[Short descriptive text snippets]
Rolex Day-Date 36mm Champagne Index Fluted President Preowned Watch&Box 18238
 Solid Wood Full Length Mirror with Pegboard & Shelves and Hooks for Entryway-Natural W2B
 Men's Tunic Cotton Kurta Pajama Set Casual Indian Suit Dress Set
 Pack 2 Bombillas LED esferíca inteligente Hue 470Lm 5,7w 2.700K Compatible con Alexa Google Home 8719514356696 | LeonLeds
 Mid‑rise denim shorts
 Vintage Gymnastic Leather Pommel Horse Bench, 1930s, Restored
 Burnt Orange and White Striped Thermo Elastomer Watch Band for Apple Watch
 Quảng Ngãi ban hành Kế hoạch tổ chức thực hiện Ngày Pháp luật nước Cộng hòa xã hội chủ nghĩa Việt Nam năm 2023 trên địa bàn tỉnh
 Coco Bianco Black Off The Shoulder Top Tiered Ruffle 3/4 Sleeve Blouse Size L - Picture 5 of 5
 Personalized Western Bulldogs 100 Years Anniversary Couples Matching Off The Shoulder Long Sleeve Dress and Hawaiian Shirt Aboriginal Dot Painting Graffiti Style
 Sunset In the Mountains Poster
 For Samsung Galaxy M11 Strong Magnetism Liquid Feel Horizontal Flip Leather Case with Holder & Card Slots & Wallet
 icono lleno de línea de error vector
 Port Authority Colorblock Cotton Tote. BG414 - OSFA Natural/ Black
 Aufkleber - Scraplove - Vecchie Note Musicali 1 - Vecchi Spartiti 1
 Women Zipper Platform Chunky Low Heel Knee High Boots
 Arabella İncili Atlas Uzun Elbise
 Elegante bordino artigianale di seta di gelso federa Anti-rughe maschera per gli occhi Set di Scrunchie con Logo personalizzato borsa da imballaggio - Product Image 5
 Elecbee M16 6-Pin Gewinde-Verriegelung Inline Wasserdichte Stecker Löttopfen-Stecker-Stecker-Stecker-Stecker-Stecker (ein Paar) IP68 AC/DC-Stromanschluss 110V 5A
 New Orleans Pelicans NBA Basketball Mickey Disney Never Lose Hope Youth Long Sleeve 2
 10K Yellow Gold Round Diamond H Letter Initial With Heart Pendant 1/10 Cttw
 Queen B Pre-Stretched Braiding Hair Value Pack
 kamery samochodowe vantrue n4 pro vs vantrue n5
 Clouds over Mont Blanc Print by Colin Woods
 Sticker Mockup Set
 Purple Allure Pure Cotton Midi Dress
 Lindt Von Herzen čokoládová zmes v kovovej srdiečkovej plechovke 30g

- [Problem to solve]:
Exact copies of the line containing "Sunset In the Mountains Poster" and of every line after it through the end of the entries are all that should be output.

- [Task solution]:
 Sunset In the Mountains Poster
 For Samsung Galaxy M11 Strong Magnetism Liquid Feel Horizontal Flip Leather Case with Holder & Card Slots & Wallet
 icono lleno de línea de error vector
 Port Authority Colorblock Cotton Tote. BG414 - OSFA Natural/ Black
 Aufkleber - Scraplove - Vecchie Note Musicali 1 - Vecchi Spartiti 1
 Women Zipper Platform Chunky Low Heel Knee High Boots
 Arabella İncili Atlas Uzun Elbise
 Elegante bordino artigianale di seta di gelso federa Anti-rughe maschera per gli occhi Set di Scrunchie con Logo personalizzato borsa da imballaggio - Product Image 5
 Elecbee M16 6-Pin Gewinde-Verriegelung Inline Wasserdichte Stecker Löttopfen-Stecker-Stecker-Stecker-Stecker-Stecker (ein Paar) IP68 AC/DC-Stromanschluss 110V 5A
 New Orleans Pelicans NBA Basketball Mickey Disney Never Lose Hope Youth Long Sleeve 2
 10K Yellow Gold Round Diamond H Letter Initial With Heart Pendant 1/10 Cttw
 Queen B Pre-Stretched Braiding Hair Value Pack
 kamery samochodowe vantrue n4 pro vs vantrue n5
 Clouds over Mont Blanc Print by Colin Woods
 Sticker Mockup Set
 Purple Allure Pure Cotton Midi Dress
 Lindt Von Herzen čokoládová zmes v kovovej srdiečkovej plechovke 30g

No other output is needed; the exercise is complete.